April 29th, 2009 No comments

I had never heard the phrase “pandemic flu” before my arrival at Ogilvy 18 months ago.  Having never worked in public health or (thankfully) lived through a scare, it wasn’t anything that crossed my consciousness.  Upon coming here, however, and learning about the great work this team did with the US Department of Health and Human Services Pandemic Flu Leadership blog, I started to learn about the role that personal preparedness will play in preventing a Pandemic and the power of social media in spreading that message.  It was also an example of the potent combination of a credible author (then Secretary of HHS Michael Leavitt) with a controversial topic and a social media platform for discussion.

In the last 48 hours, there have been some mainstream media articles pointing fingers at Twitter, where #swineflu has been the #1 or #1 trend for the last 3 days, as the culprit of spreading hysteria and bad information.  While I’m not particularly interested in long tail analysis on swine flu OR in taking medical advice from my Tweeps, social media can be a quick and powerful way to amplify some very credible sources of health information.  Looking at Twitter as a detriment is pointless when it can have power to spread correct information.  The CDC has embraced the tool and the 3 month old @cdcemergency handle is up to almost 40k followers who want to get their health information from the horse’s mouth, but on a platform that they already embrace.

Ogilvy in Asia has additionally put together a very helpful aggregation of up-to-the-minute credible sources of health information on the Swine Flu.  If you are wondering about something you have seen on facebook, the news, heard from a friend, etc, this is a great resource to check that information against the CDC and WHO.

Another source for interesting analysis from the science side can be found over at ScienceBlogs.com which has put together a great collection of perspectives on the issue from a peer-reviewed, science-based, hysteria-free perspective.  And with that, I’m off to wash my hands for the 5th time today.

WOMM Lessons from Adam Corolla?

March 10th, 2009 No comments

I’m hesitant to admit that I have learned anything from Adam “the Aceman” Corolla of Man Show, Loveline, and radio infamy.  However, stats don’t lie.  2 weeks after kicking off his podcast, Corolla has broken the 1M download barrier, quickly smoking download rates of his peers – like my hero Bill “the Sports Guy” Simmons. (Click here for specific podcast lessons from Ryan Spoon).

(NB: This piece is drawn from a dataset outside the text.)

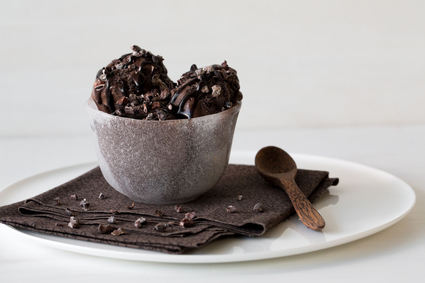 Recette de glace au chocolat intense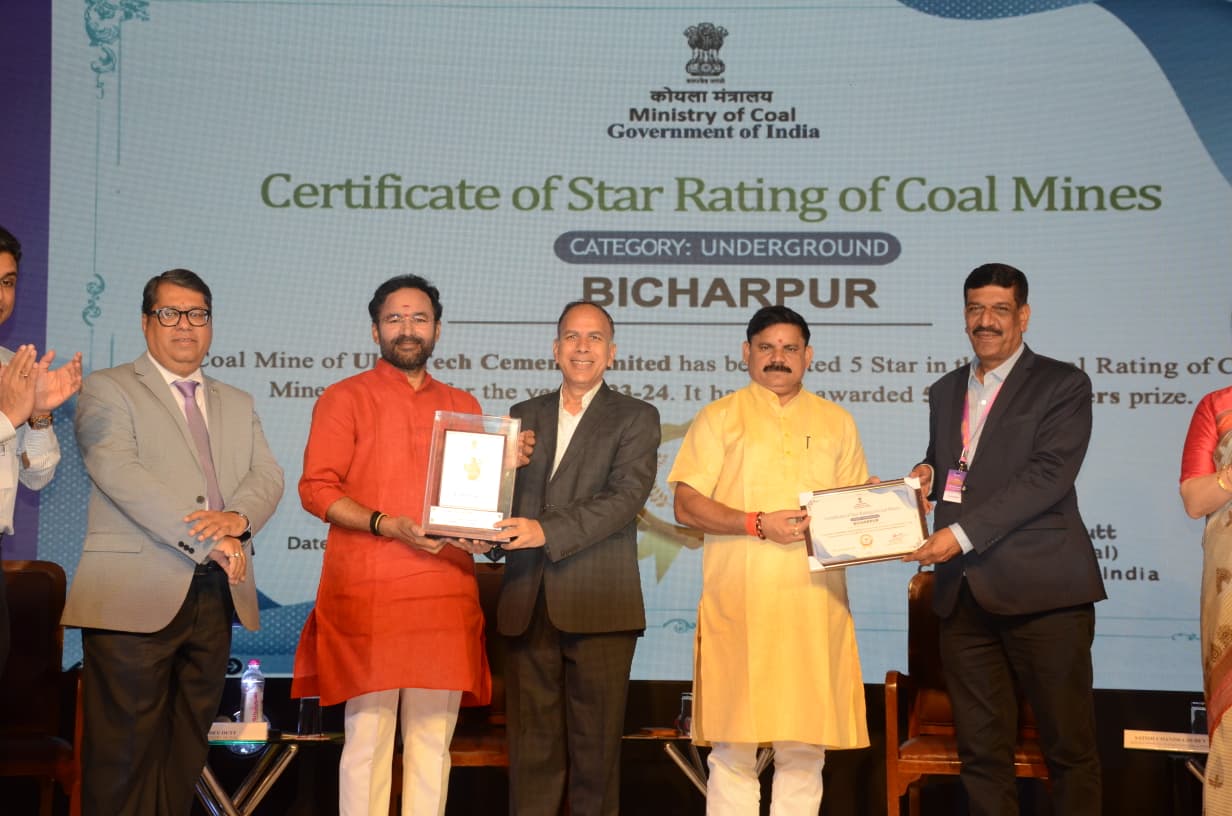 UltraTech’s mine awarded Five-Star rating by the Ministry of Coal for operational excellence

How did he do it?  Awesome website?  Nope – looks like an intern programmed it in 1999.  Advertising and promotion?  None.  Here’s what he’s done:

1) Ask people to spread the word. At the beginning and end of every one of the free podcasts, Adam mentions that he is doing this “gratis” and all he asks is for you the fan to spread it around.  This may sound simple, but many people are afraid to ask for help and this is a compelling reason to get over it and just ask.

2) No sponsors = no censors. Adam was fired from CBS’s Free FM format in late January, but will be paid through the end of the year as long as he doesn’t accept other “jobs”.  Thus he has no sponsors, which means he answers to no one and he can use the language and cover topics that his fans want and expect from him.

3) Ridiculously awesome content.  In his first three weeks he’s had Aisha Tyler, Larry Miller, Bill Simmons, Jimmy Kimmel, David Alan Grier are the list goes on.  These are people willing to stop by Adam’s house to promote a project and be able to be themselves without the concerns I mentioned on #2.

So, can we learn something about WOMM from Adam Corolla?  Hey, if Dr. Drew could live with him for so many years, he must have some redeeming qualities.